According to, nine out of the next 10 days in Ann Arbor will be partly to mostly cloudy.

A 2006 study of Seasonal Affective Disorder, which tracked whether more people become depressed when there is less sunlight present, showed it is cloudier during the winter in middle latitude states like Michigan.

The reason?

Canada, Wisconsin and the Great Lakes.

Dr. Robert Aron, a meteorology professor at Central Michigan University, said air that blows from those locations has a lot to do with the cloudiness.

“It has to do with the great lakes,” Aron said. “When cold air from Canada or Wisconsin comes over the relatively warm water of the Great Lakes there is both a lot of evaporation from the lakes and the air is heated from below causing it to rise.”

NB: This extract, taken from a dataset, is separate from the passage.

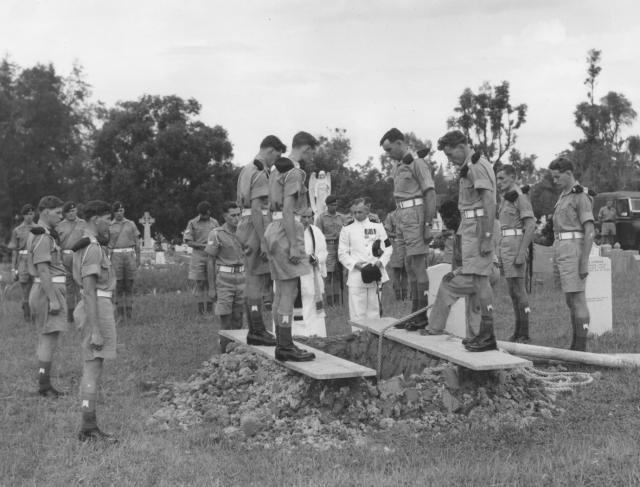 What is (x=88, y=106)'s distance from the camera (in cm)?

The Great Lakes yield one positive, though. The warm water from Lake Michigan moderates the temperatures in the state throughout the winter.

Derek Posselt, an assistant research scientist at the University of Michigan, said the lake keeps bordering land warmer in the winter.

“In addition to moderating our temperatures, the lakes act as a source of water vapor,” Posselt said in an e-mail message. “The benefit to us is that the air is not only cloudy, but quite a bit warmer than it would have been if it had not been modified by the lake.”

So the Great Lakes are both a gift and a curse, depending on how you look at them.

One can only imagine how frigid the temperatures would be in the winter without the Great Lakes.